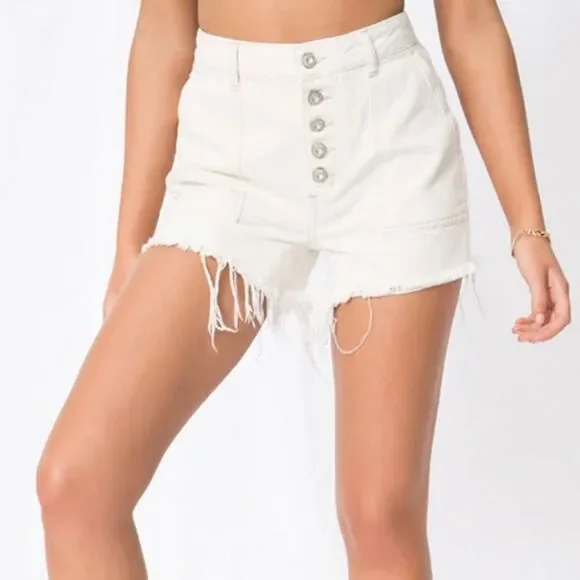 Free People Jesse carpenter short - sz 26 - high waisted - cotton - summer - Picture 5 of 10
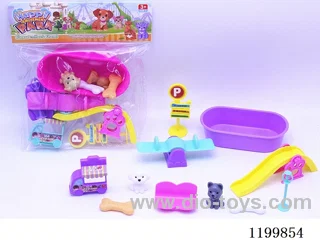 Puppy Pool Playground Set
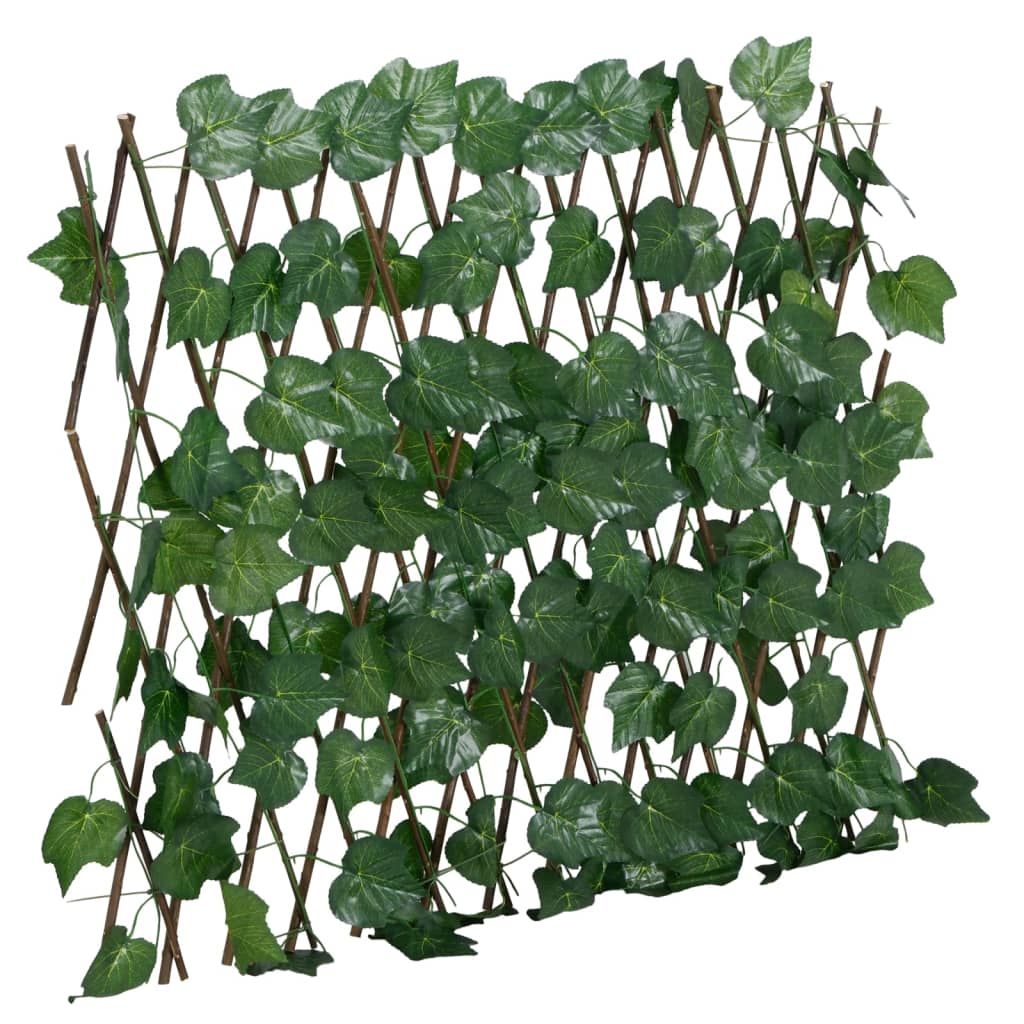 Treillis avec feuilles de vigne artificielles 5 pièces extensible 190x60cm.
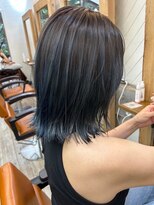 ネウィ ハウオリ 札幌駅前(newi hau'oli)&nbsp;ダークアッシュシアーカラーヘアケア特化型TOKIOトリートメント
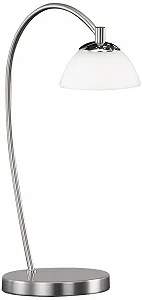 Настільна лампа Honsel Leuchten Julie 96941 Матовий нікель/хром - Фото 1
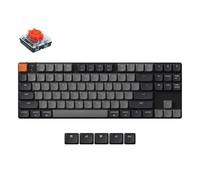 Keychron K1 Version 6 Teclado Mecánico Inalámbrico Personalizado, Bluetooth/USB-C, RGB, Hot-Swap, QMK/Via Macros Programables, PBT Keycaps, para Mac Windows, Gateron 2.0 Red Switch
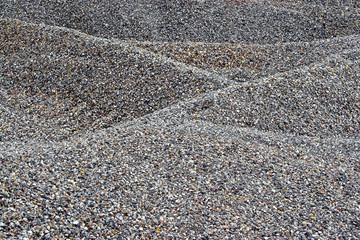 Sieved gravel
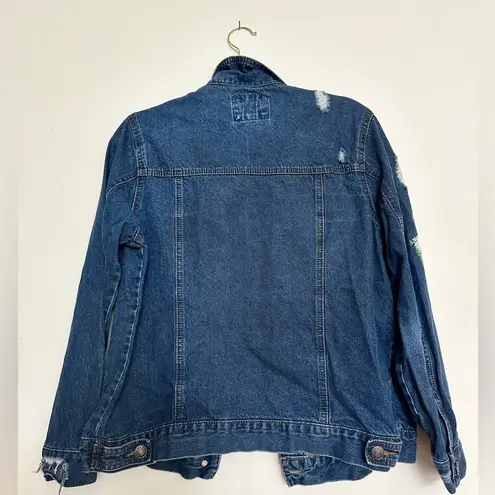 Wax Jean Wax Jeans embroidered denim jacket
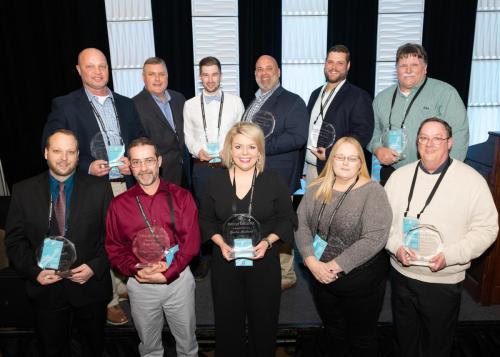 Circle of Excellence 2019Pictured (left to right); back row: Mike Wooldridge, Travis Laurence (VP of Operations), Kyle Greth, Spencer Ponder, Chris Pizza, Ted Mallon; front row: Jim McGrath, Tracy Carrier, Emilee Ballard, Sabrina Church, Chris Stevenson
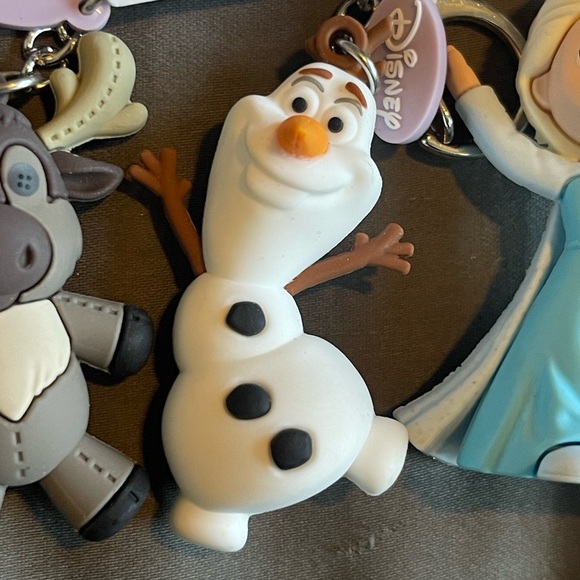 Disney Frozen Character Keychains / Backpack Clips - Picture 4 of 10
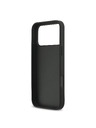 Karl Lagerfeld Karl Lagerfeld Fixed Glitter Metal Ikonik Zadní Kryt pro iPhone 17 Pro Max Black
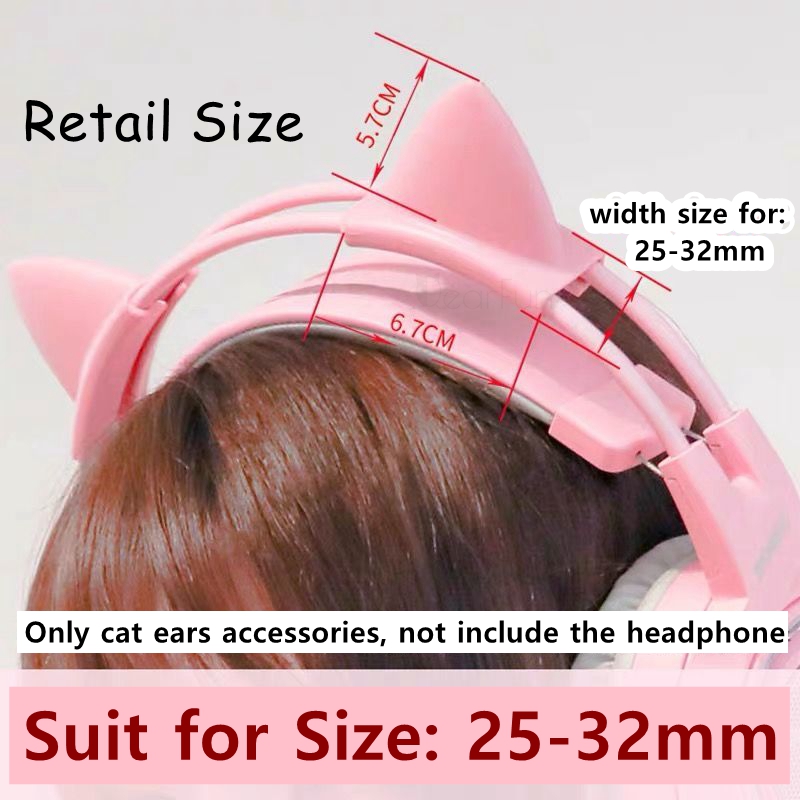 핑크 실리콘 고양이 귀 펜던트 헤드폰 무선 유선 헤드셋 - Gaming Headset Wired 리뷰 및 가격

___

Nothing but the lines from the line containing "Disney Frozen Character" through the last line of the records above is to be extracted, exactly and with no pictures.

 Disney Frozen Character Keychains / Backpack Clips - Picture 4 of 10
 Karl Lagerfeld Karl Lagerfeld Fixed Glitter Metal Ikonik Zadní Kryt pro iPhone 17 Pro Max Black
 핑크 실리콘 고양이 귀 펜던트 헤드폰 무선 유선 헤드셋 - Gaming Headset Wired 리뷰 및 가격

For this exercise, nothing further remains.